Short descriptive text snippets
_ _ _

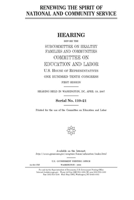 Renewing the spirit of national and community service 1691431281 Book Cover
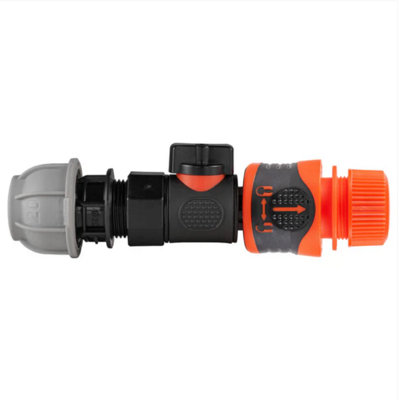 AP Supplies 20mm Mdpe Straight With Bspf-Quick Connect Valve & Hose Connector Lock from B&Q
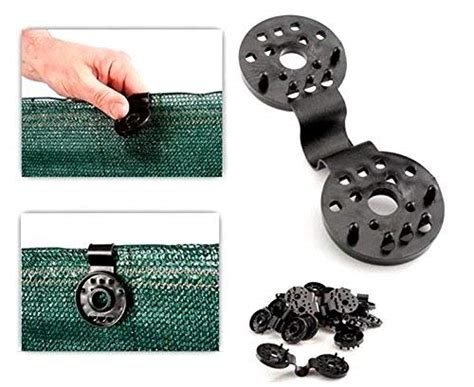 JOYEYOU Round-Shape Clips Black 50pcs for Anchoring Shade Cloth and ...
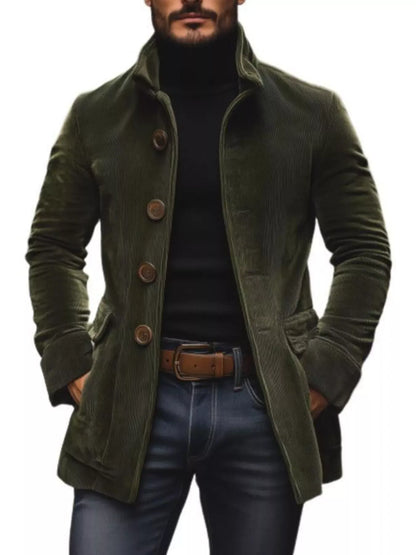 Men's Vintage Single-Breasted Stand-Collar Coat Jonathan M Collection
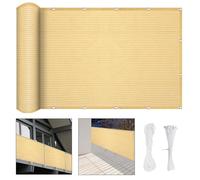 GJMSSMY Copertura per ringhiera del Balcone Resistente ai Raggi UV, 100x180 cm, Impermeabile, Protezione per Giardino e Piscina, Giallo Sabbia, Schermo per la Privacy Esterna, Resistente a
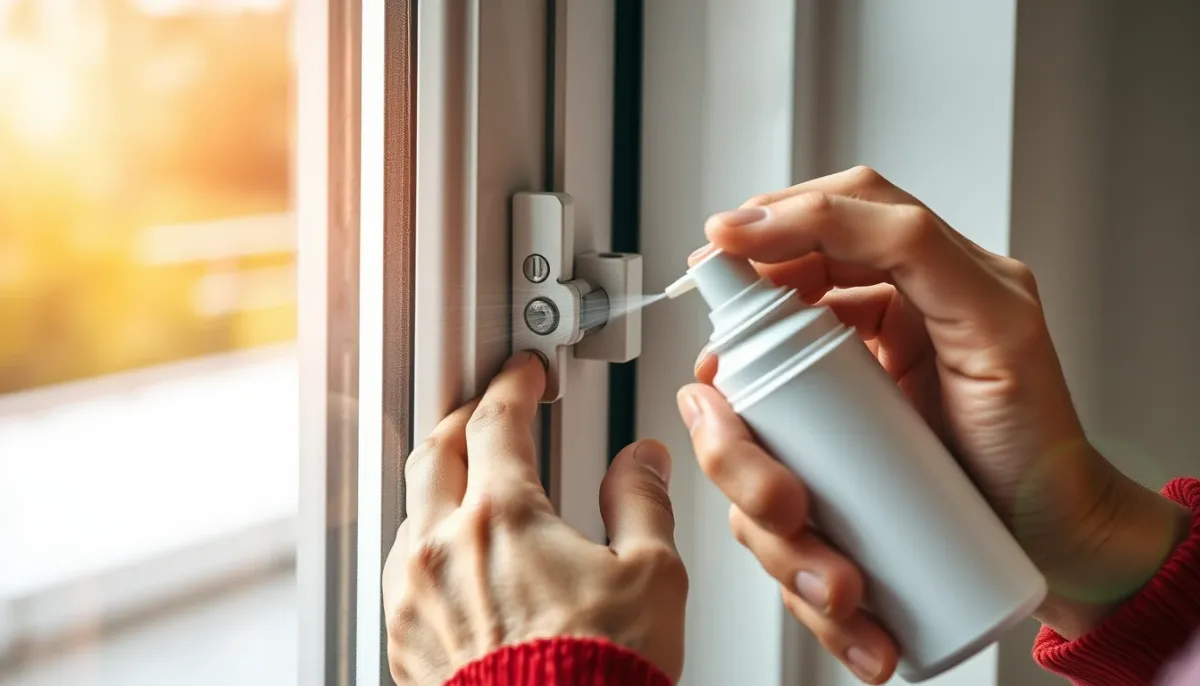 Lubrification d'une paumelle de fenêtre PVC avec un spray, geste d'entretien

_ _ _

> **Task to complete**: Send back the data above verbatim, leaving out its pictures.

> **Response area**:
 Renewing the spirit of national and community service 1691431281 Book Cover
 AP Supplies 20mm Mdpe Straight With Bspf-Quick Connect Valve & Hose Connector Lock from B&Q
 JOYEYOU Round-Shape Clips Black 50pcs for Anchoring Shade Cloth and ...
 Men's Vintage Single-Breasted Stand-Collar Coat Jonathan M Collection
 GJMSSMY Copertura per ringhiera del Balcone Resistente ai Raggi UV, 100x180 cm, Impermeabile, Protezione per Giardino e Piscina, Giallo Sabbia, Schermo per la Privacy Esterna, Resistente a
 Lubrification d'une paumelle de fenêtre PVC avec un spray, geste d'entretien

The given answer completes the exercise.